Short descriptive text snippets
________________
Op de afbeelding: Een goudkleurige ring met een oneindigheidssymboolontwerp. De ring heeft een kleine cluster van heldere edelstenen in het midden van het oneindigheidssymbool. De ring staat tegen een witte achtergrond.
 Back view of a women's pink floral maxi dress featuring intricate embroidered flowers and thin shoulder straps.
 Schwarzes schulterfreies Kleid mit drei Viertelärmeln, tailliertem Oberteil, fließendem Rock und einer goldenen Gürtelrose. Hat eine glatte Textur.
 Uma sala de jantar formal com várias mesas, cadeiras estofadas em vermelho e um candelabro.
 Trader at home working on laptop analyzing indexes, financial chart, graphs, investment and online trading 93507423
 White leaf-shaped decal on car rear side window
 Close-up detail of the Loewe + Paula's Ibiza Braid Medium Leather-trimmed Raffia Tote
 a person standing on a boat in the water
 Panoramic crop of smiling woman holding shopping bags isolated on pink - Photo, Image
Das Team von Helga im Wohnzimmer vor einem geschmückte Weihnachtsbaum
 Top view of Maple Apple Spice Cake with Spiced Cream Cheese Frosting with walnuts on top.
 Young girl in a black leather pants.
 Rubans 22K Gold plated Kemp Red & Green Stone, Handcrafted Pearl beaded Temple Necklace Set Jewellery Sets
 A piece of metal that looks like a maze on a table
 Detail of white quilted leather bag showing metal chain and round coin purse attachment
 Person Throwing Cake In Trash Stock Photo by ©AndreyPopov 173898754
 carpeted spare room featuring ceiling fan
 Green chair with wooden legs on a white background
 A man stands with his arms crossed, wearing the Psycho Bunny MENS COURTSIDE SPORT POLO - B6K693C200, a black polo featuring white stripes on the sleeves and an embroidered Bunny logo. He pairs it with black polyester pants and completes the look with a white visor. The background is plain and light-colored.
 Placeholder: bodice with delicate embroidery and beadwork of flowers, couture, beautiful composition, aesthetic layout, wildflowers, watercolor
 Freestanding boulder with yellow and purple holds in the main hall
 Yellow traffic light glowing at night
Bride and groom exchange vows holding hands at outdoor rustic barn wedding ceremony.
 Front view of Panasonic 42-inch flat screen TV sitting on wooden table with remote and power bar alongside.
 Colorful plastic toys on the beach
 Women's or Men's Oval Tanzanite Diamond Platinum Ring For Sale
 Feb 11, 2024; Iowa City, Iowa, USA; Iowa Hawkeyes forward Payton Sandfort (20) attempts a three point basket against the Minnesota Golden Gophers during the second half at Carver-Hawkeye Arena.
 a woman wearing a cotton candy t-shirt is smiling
________________
Work required: All records shown above need to be written out again verbatim.

Answer to this exercise:
Op de afbeelding: Een goudkleurige ring met een oneindigheidssymboolontwerp. De ring heeft een kleine cluster van heldere edelstenen in het midden van het oneindigheidssymbool. De ring staat tegen een witte achtergrond.
 Back view of a women's pink floral maxi dress featuring intricate embroidered flowers and thin shoulder straps.
 Schwarzes schulterfreies Kleid mit drei Viertelärmeln, tailliertem Oberteil, fließendem Rock und einer goldenen Gürtelrose. Hat eine glatte Textur.
 Uma sala de jantar formal com várias mesas, cadeiras estofadas em vermelho e um candelabro.
 Trader at home working on laptop analyzing indexes, financial chart, graphs, investment and online trading 93507423
 White leaf-shaped decal on car rear side window
 Close-up detail of the Loewe + Paula's Ibiza Braid Medium Leather-trimmed Raffia Tote
 a person standing on a boat in the water
 Panoramic crop of smiling woman holding shopping bags isolated on pink - Photo, Image
Das Team von Helga im Wohnzimmer vor einem geschmückte Weihnachtsbaum
 Top view of Maple Apple Spice Cake with Spiced Cream Cheese Frosting with walnuts on top.
 Young girl in a black leather pants.
 Rubans 22K Gold plated Kemp Red & Green Stone, Handcrafted Pearl beaded Temple Necklace Set Jewellery Sets
 A piece of metal that looks like a maze on a table
 Detail of white quilted leather bag showing metal chain and round coin purse attachment
 Person Throwing Cake In Trash Stock Photo by ©AndreyPopov 173898754
 carpeted spare room featuring ceiling fan
 Green chair with wooden legs on a white background
 A man stands with his arms crossed, wearing the Psycho Bunny MENS COURTSIDE SPORT POLO - B6K693C200, a black polo featuring white stripes on the sleeves and an embroidered Bunny logo. He pairs it with black polyester pants and completes the look with a white visor. The background is plain and light-colored.
 Placeholder: bodice with delicate embroidery and beadwork of flowers, couture, beautiful composition, aesthetic layout, wildflowers, watercolor
 Freestanding boulder with yellow and purple holds in the main hall
 Yellow traffic light glowing at night
Bride and groom exchange vows holding hands at outdoor rustic barn wedding ceremony.
 Front view of Panasonic 42-inch flat screen TV sitting on wooden table with remote and power bar alongside.
 Colorful plastic toys on the beach
 Women's or Men's Oval Tanzanite Diamond Platinum Ring For Sale
 Feb 11, 2024; Iowa City, Iowa, USA; Iowa Hawkeyes forward Payton Sandfort (20) attempts a three point basket against the Minnesota Golden Gophers during the second half at Carver-Hawkeye Arena.
 a woman wearing a cotton candy t-shirt is smiling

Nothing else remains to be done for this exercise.